Normalizing Surnames
Encodings
Surnames can be represented in many different encodings. For comparison purposes, it is convenient to have surnames encoded in single standard encoding, such as the Latin alphabet.
The Latin alphabet offers the advantage of simplicity. There are only 26 letter characters, A to Z, provided one ignores case (upper or lower). There are no ligatures or diacritics. As n-grams have (symbols)n permutations, an encoding with a large number of symbols will result in a much higher number of dimensions for the data for even a small value of n.

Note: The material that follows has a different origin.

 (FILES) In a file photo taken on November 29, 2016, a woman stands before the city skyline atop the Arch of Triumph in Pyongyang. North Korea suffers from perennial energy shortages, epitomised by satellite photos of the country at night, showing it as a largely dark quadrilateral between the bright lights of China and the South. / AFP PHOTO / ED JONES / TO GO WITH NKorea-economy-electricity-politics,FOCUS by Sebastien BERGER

Furthermore, most datasets used for practical applications are encoded in the Latin alphabet and having a classification system that allows for non-Latin characters would therefor introduce redundancy.
The first stage of normalization is therefore to check that the encoding is in the latin alphabet, with a minimal number of other symbols (such as the period, comma, and hyphen) that may provide meta information for further normalization, and to force it into the latin alpabet if it isn't. Maintaining information about the simplification or removal of ligature and diacritics (in particular) may be useful and is accomplished through the creation of additional binary variable.
Tussenvoegsel
Tussenvoegsel are surname prefixes, specifically in the Dutch language but used here generically, such as the words Van and De. A custom compiled list of Tussenvoegsel is used in the normalization process. Tussenvoegsel can be removed (and recorded with a binary variable) or concatenated with the surname.
Double-barrelled Surnames
Double-barrelled surnames may be hyphenated and easy to detect, such as Smith-Jones, but also come in many difficult forms. Spanish Naming Customs, for example, suggest the use of two surnames, a paternal surname (that is dominant) and a maternal surname. They are ordered, paternal-maternal, and often without the hyphen.